On September 22nd, 2020, President Trump issued the “Executive Order on Combating Race and Sex Stereotyping” which bans diversity training because it “perpetuates racial stereotypes and division and can use subtle coercive pressure to ensure conformity of viewpoint.” This only applies to the Federal workforce, and therefore no part of the school district’s resolution is affected by the executive order.
The resolution came shortly after the creation of @dearklsd. Ackermann and Board President Peggy Phillips, the other signatory on the resolution, both say that they read almost every post on the account, and Phillips said that they were “disturbing.”

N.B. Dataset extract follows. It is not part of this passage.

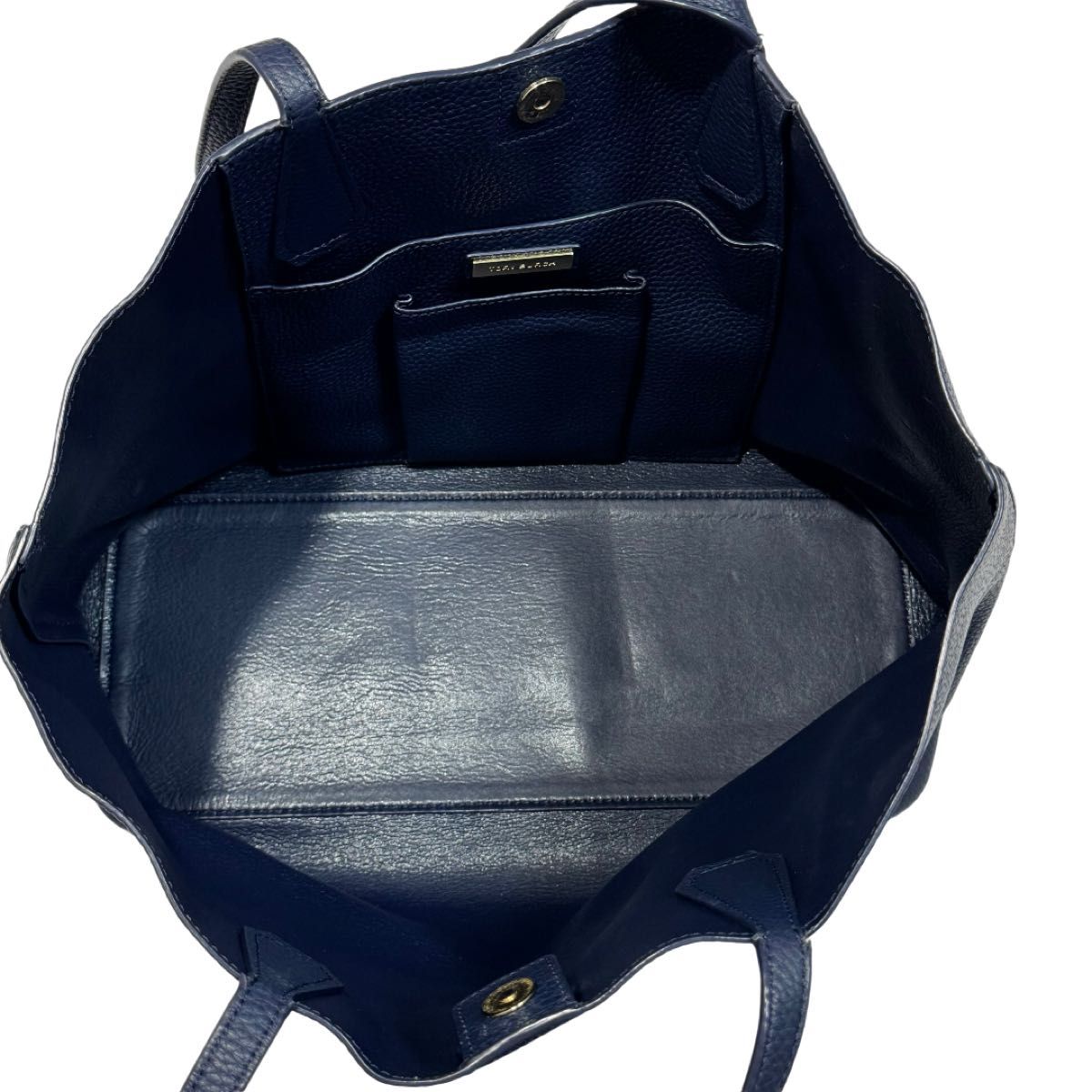 美品 TORY BURCH トリーバーチ 大容量 トートバッグ A4可能 肩がけ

Although the resolution was published within close chronological proximity to the account, Ackermann said that there is no specific part of the resolution that is inspired by the stories shared. Instead, he said, the account brought the resolution to the forefront.
“Usually with anonymous posts, which most of them were, some people would say maybe they were making it up or maybe that wasn’t true. How I always take it is that there’s always some shred of truth in anything that’s anonymous,” Ackermann said. “Whether it’s perception or its reality, I don’t want that in our school district. I don’t want our kids to feel that way. I want to validate their feelings, and see what we can do to understand if it is happening, why, how, what we can do in the future, or if that is their perception, why is that their perception?”
On June 26th, Ackermann submitted a message to @dearklsd and asked the administrators of the account to use his name. In the post he said, “I have read all 103 posts and my heart is broken. Thank you for sharing your stories and I am sorry you have experienced them. These are empty words without actions. I promise you will see actions to create a district that is free of hate, racism, and oppression and one filled with love and acceptance.”
KOAR is working to create the kind of high school Ackermann described, but Gonzales recognizes they may never reach a completely anti-racist environment.
“I don’t know if becoming a complete anti-racist [school] is ever possible. I don’t mean that as this job is just too big. What I mean by that is it’s a journey. We have to get on this journey where we know that this is our goal to become anti-racist, but we’re always in the position to improve ourselves and to improve our school,” Gonzales said. “So what does it look like? Everyone knowing and trying to be better, as far as racism is concerned, but other isms too. We don’t want to have our unconscious bias always playing against us. Since everyone does have a bias, I think the best thing to fight those biases is to know what your biases are. So when they creep up, like they’ll do, no matter what, it’s human nature, you can deal with it and tamp it down.”
Bodey agrees that the journey isn’t as simple as it may seem.
“There’s a lot of messaging in schools that being kind all the time is our goal. We absolutely should be kind to each other, but I worry that a lot of people think that if we’re just nice to each other that all the other problems will go away,” Bodey said. “Just being nice to each other isn’t going to break down the systems that are perpetuating the inequity. Yes we need to be kind, but we need to do so much more.”